WHAT TO DO
Write the listing out again word for word, excluding any pictures.

SOURCE MATERIAL

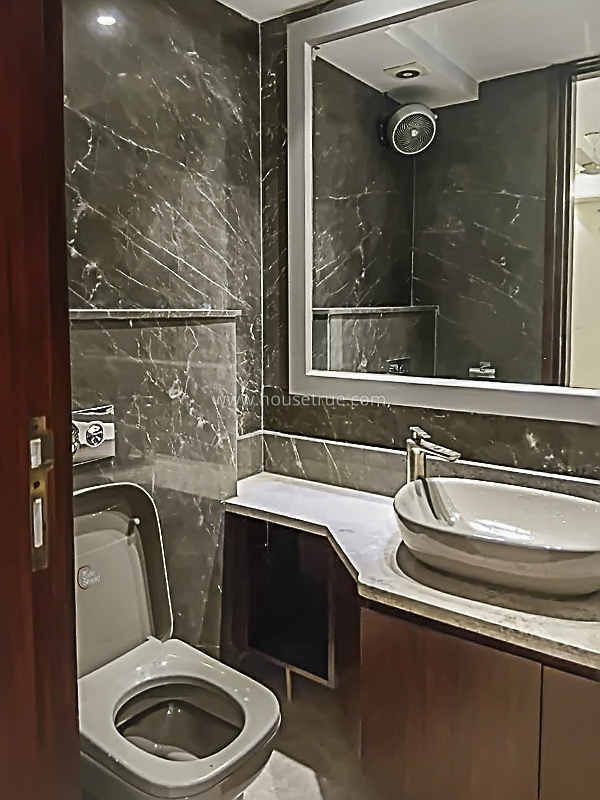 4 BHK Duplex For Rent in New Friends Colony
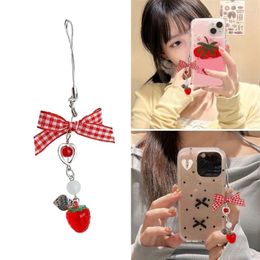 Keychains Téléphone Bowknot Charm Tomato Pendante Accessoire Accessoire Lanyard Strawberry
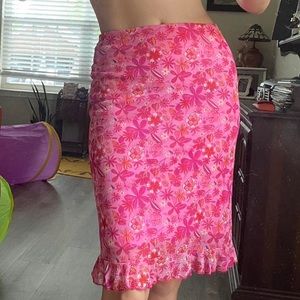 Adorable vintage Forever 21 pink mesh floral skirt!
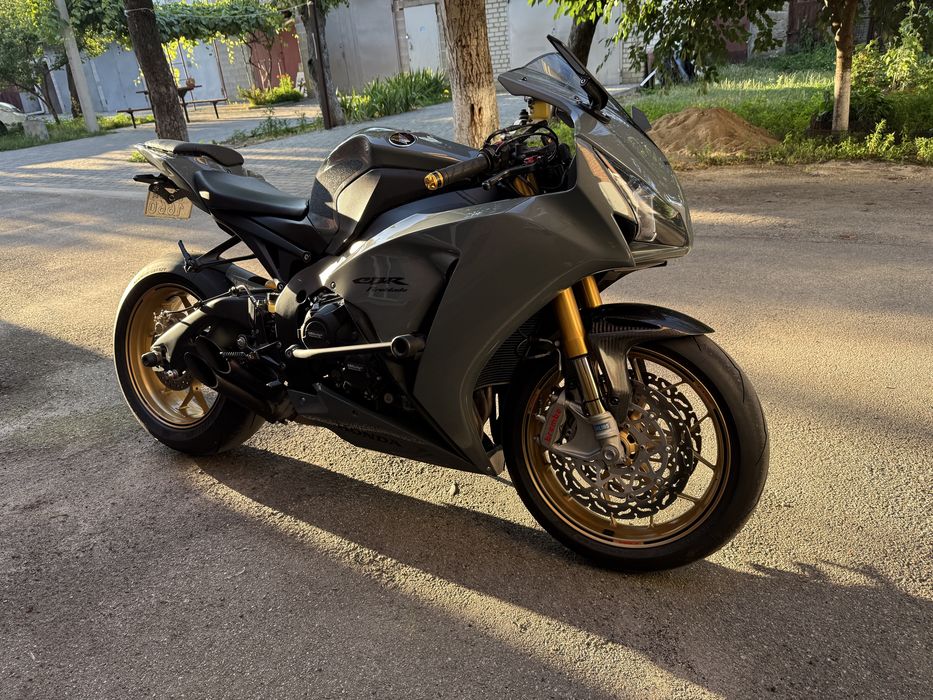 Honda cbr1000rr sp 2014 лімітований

REPLY
 4 BHK Duplex For Rent in New Friends Colony
 Keychains Téléphone Bowknot Charm Tomato Pendante Accessoire Accessoire Lanyard Strawberry
 Adorable vintage Forever 21 pink mesh floral skirt!
 Honda cbr1000rr sp 2014 лімітований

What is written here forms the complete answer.